Shying away from the obvious primary colours in favour of a muted palette was a risk that paid off for designer Kate Barraclough (Kate Francis Design), who received the Edify Award for Best Educational Book for The New Zealand Art Activity Book by Helen Lloyd (Te Papa Press). The judges found the book fun for kids, user-friendly, practical and engaging.
A cookbook that successfully paired photos, text, stories and food, while delivering something “a little more” design- wise was awarded the 1010 Printing Award for Best Cookbook. Eat Up New Zealand by Al Brown (Allen & Unwin NZ) was designed by Gary Stewart of The Gas Project.
The Mary Egan Publishing Award for Best Typography was awarded to A Moral Truth by James Hollings (Massey University Press), cover design by Gideon Keith and interior design by Gideon Keith and Carla Sy. The judges delighted in the use of the ellipsis as a repeated device alongside the halftone dot illustrations, labelling this a small example of the wit demonstrated in the book.
The Allen & Unwin Young Designer of the Year Award saw two Penguin Random House colleagues battle it out for the top prize. Rachel Clark was declared the winner thanks to her well developed and varied portfolio, which demonstrated a nuanced understanding of the elements of book design.
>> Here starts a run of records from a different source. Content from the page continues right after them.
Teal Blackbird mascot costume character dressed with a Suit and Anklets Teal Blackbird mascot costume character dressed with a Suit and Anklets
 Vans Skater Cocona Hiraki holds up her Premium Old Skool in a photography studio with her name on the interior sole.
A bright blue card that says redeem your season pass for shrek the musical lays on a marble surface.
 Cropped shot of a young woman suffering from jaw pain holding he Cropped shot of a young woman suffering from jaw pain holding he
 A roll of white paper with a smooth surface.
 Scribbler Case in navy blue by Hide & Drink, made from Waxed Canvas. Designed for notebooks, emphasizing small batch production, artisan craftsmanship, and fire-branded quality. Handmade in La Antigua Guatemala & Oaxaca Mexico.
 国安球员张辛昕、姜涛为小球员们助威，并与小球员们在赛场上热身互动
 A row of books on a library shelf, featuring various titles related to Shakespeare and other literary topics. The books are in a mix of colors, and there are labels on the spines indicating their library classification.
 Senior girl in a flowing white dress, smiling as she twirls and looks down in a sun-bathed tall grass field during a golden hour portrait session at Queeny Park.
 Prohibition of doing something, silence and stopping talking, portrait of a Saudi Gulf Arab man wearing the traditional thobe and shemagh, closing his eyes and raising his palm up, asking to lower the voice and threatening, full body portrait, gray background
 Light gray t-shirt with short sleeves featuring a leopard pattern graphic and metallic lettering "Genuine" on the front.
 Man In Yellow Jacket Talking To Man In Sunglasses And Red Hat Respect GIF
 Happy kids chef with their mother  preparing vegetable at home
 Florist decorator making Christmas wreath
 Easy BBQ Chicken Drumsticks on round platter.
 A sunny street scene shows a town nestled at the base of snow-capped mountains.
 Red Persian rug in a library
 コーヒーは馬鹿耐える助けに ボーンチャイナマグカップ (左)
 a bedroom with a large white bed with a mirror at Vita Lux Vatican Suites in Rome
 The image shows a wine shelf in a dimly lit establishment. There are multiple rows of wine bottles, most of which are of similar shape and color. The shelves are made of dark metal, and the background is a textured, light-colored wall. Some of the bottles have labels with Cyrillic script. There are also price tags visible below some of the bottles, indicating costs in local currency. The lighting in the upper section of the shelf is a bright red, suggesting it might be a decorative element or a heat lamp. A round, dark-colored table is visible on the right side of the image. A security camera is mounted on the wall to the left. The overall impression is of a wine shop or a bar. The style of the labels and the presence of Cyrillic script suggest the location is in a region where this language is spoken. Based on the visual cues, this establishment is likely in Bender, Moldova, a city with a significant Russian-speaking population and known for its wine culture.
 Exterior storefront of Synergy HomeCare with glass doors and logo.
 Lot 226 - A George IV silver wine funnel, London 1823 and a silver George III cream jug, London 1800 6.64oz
The awards were followed by a workshop the next day which kicked off with a panel chaired by David Coventon which drew the judges out a little further on their decision-making process and touched on some of the books that they loved but had just missed out on winning the top prize. Next up Gideon Keith and Spencer Levine got down to the nitty gritty of typography, discussing kerning and exploring whether or not there is such a thing as a bad font. The final session was led by Anna Brown and Kiran Dass and featured Andrew Long (Marketing and Sales Manager from Auckland University Press) and Sally Greer (Beatnik Publishing). The discussion focused on designing for your audience and the differences in approach between university presses and more commercial publishing houses.